It was probably during this early period of 1943 that a compass swinging station, or platform, was constructed on the northern side of the NE-SW runway near its central point. No record of the date of construction has been located. The platform was a circular concrete slab, 120 feet 6 inches (36.7 metres) in diameter with a compass rose inscribed on its surface. Aircraft were pushed onto the platform and aligned with each of the 16 main cardinal points of the compass, starting with north. Variations in aircraft compass bearings were noted and compass magnets were adjusted.

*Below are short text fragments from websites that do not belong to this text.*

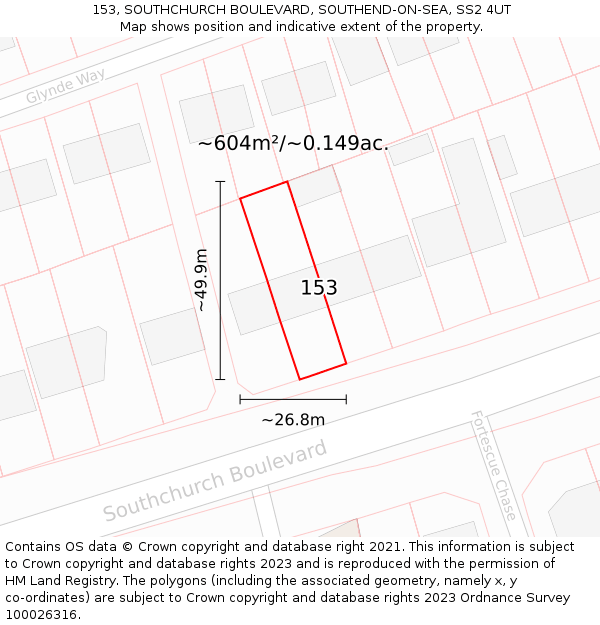 153, SOUTHCHURCH BOULEVARD, SOUTHEND-ON-SEA, SS2 4UT: Plot and title map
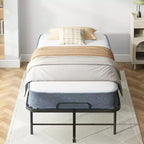 Lit pliant avec matelas de 12,7 cm, lit d'appoint portable pour camping, lit pliant rembourré avec roulettes, taille double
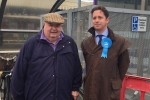 Alex Burghart MP with Jim Hoare from Brentwood Access Group during the 2017 General Election campaign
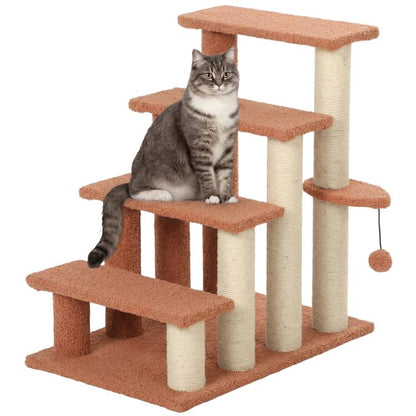 Brown 4-level cat step with carpeted platforms and sisal posts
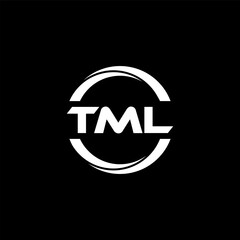TML letter logo design with black background in illustrator, cube logo, vector logo, modern alphabet font overlap style. calligraphy designs for logo, Poster, Invitation, etc.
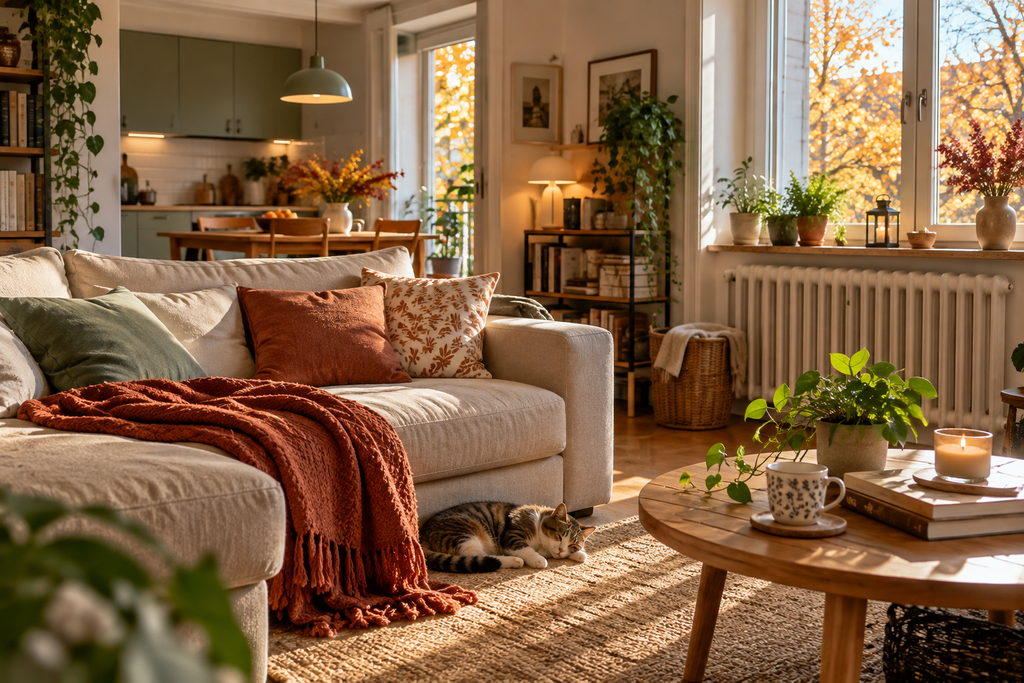 Casa accogliente in autunno con soggiorno ordinato, plaid sul divano e termosifone, pronta per le pulizie d’autunno.
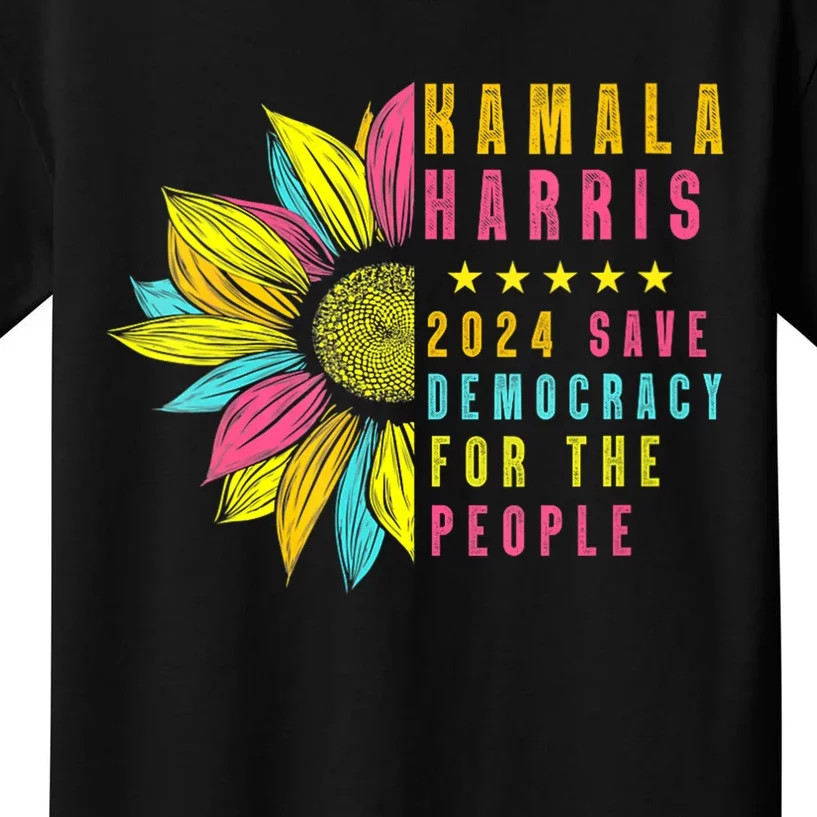 Kamala Harris 2024 Save Democracy For The People Sunflower Kids T-Shirt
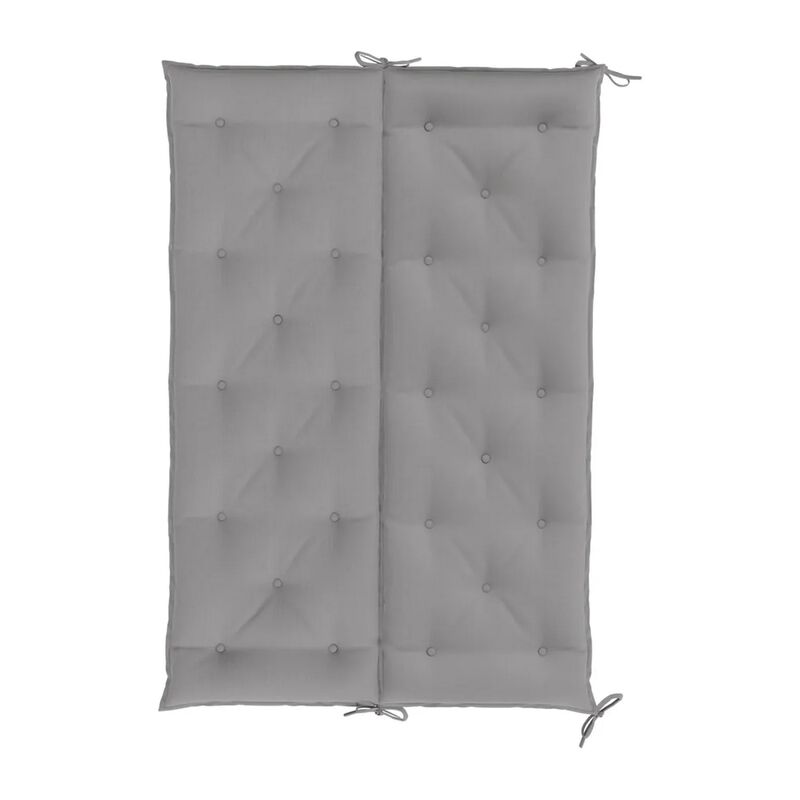 Claire Outdoor Cushion for Bench, 59 Inch Button Tufted Gray Fabric  - Benzara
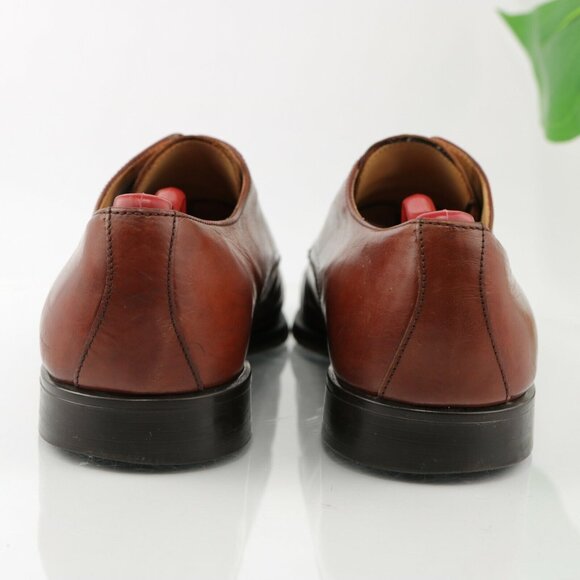 VTG Stanley Blacker Mens Oxford Size 11.5 Red Leather Italy Handmade Dress Shoe - Picture 6 of 12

The RAAF resumed responsibility for the maintenance of the airfield in May 1944. The US withdrawal was signalled in June 1944 when the Charters Towers Airfield was classified as a 'reserve airdrome'. Most of the US facilities at the airfield were turned over to the RAAF in December 1944. The Department of Civil Aviation was advised by the Department of Air in January 1946 that the RAAF planned to retain responsibility for Charters Towers airfield in the post-war period. RAAF responsibility has long since lapsed and today the airfield is operated by the Charters Towers Regional Council.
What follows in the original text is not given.